## WHAT IS NEEDED
Bring back every record exactly, except for the pictures, which stay out.

## RECORD EXCERPTS

━━━━━━━━━━

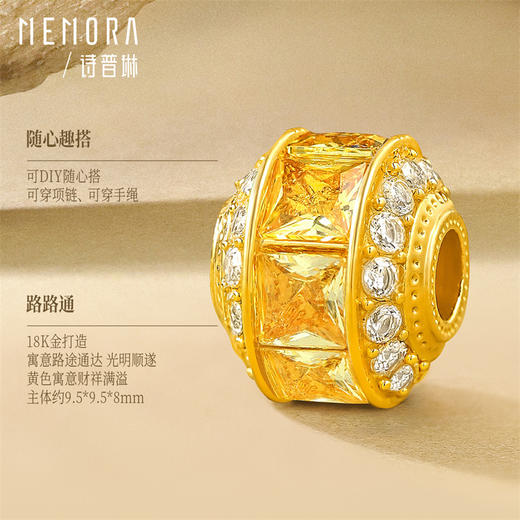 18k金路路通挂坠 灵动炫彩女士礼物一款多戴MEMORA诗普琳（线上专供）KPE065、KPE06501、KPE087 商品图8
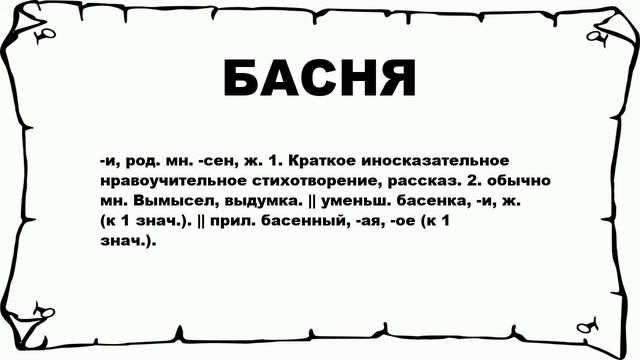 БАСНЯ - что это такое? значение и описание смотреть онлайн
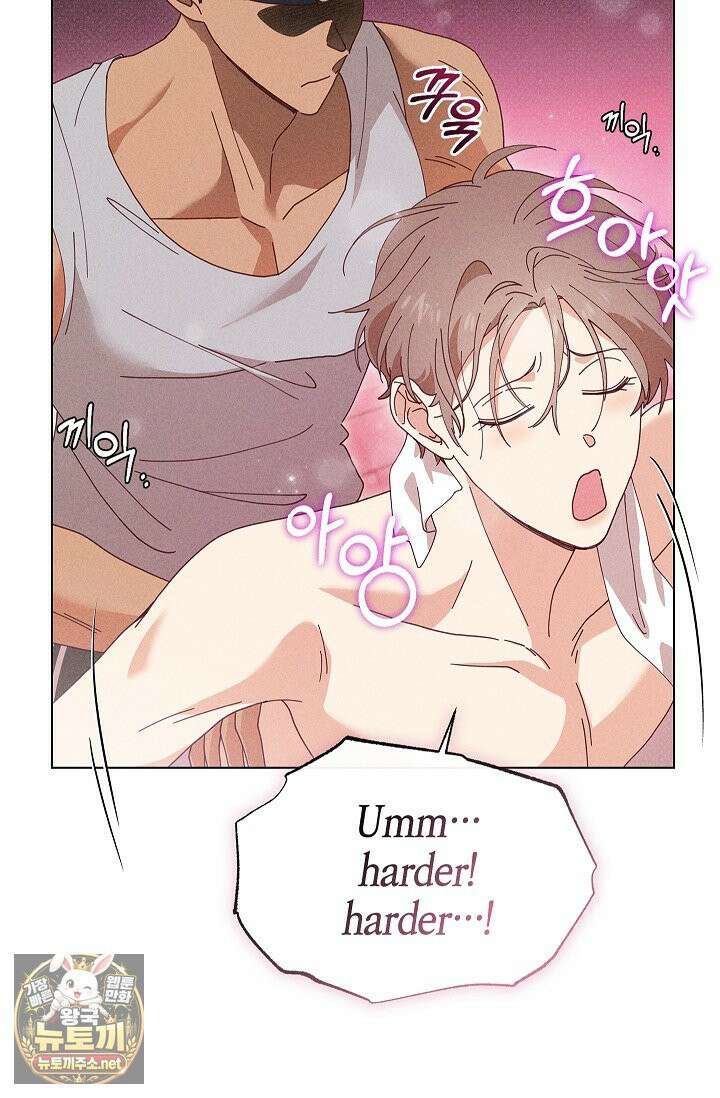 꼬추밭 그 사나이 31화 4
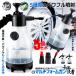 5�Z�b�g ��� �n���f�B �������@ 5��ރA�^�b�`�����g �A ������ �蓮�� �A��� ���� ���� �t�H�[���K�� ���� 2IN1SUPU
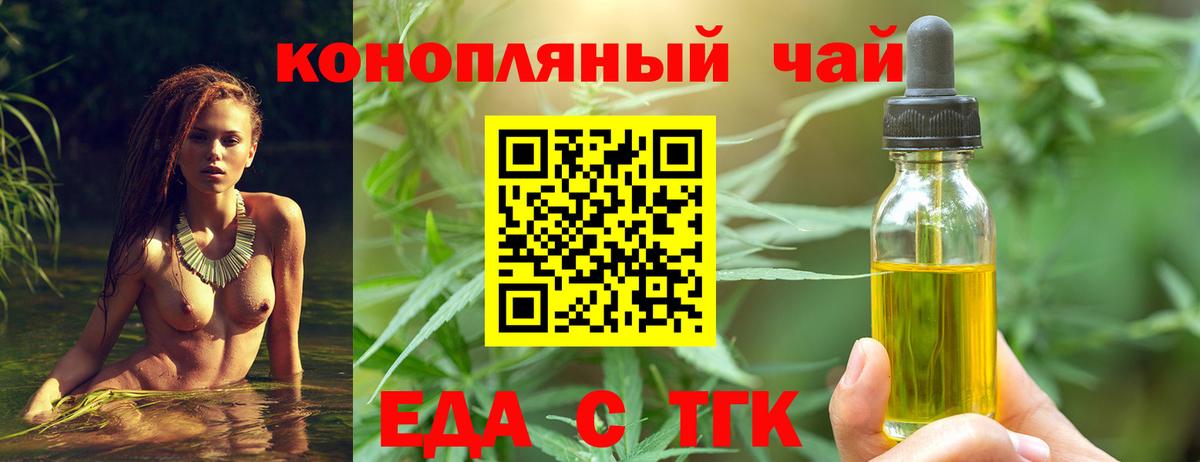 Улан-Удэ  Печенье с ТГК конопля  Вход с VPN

━━━━━━━━━━

## EXERCISE RESULT
 18k金路路通挂坠 灵动炫彩女士礼物一款多戴MEMORA诗普琳（线上专供）KPE065、KPE06501、KPE087 商品图8
 БАСНЯ - что это такое? значение и описание смотреть онлайн
 꼬추밭 그 사나이 31화 4
 5�Z�b�g ��� �n���f�B �������@ 5��ރA�^�b�`�����g �A ������ �蓮�� �A��� ���� ���� �t�H�[���K�� ���� 2IN1SUPU
 Улан-Удэ  Печенье с ТГК конопля  Вход с VPN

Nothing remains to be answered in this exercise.